Conclusion: The Imperfect Instrument Held
The theological case for American foreign policy is not the case that denies its failures. It is the case that says: the failures are explicable within a framework Scripture itself provides — the predictable corruption of sinful human nature operating inside an instrument that, overall and over time, remained oriented toward the things that matter. Justice. Protection of the innocent. Restraint of predatory evil. Relief of suffering. The construction of conditions where human dignity can survive.
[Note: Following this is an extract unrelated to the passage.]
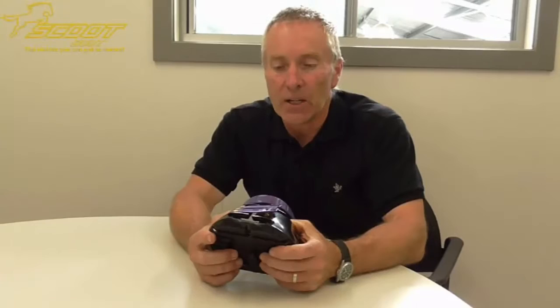I'd like to introduce you to the Scoot Boot. The Scoot Boot from Australia is the latest in hoof boot technology and innovation. There are many advantages of the Scoot Boot over all the other boots on the market at the moment.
So shall my word be that goes out from my mouth; it shall not return to me empty, but it shall accomplish that which I purpose, and shall succeed in the thing for which I sent it. — Isaiah 55:11
An imperfect instrument, oriented toward the right ends, wielded — however haltingly, however inconsistently, with whatever mixture of courage and cowardice, wisdom and stupidity — in the direction of what the watchman’s mandate requires. The Berlin Wall came down. Tens of millions did not starve because of the Marshall Plan. Twenty-five million people are alive because of PEPFAR. The Abraham Accords exist. The ISIS caliphate does not.
The verdict the evidence supports — evaluated honestly against the standard Scripture actually applies — is the one this article began with: pretty good. Not righteous. But oriented. And in the theological framework that actually governs how God works in history, oriented is enough to work with.
Which is, ultimately, all the framework promised from the beginning.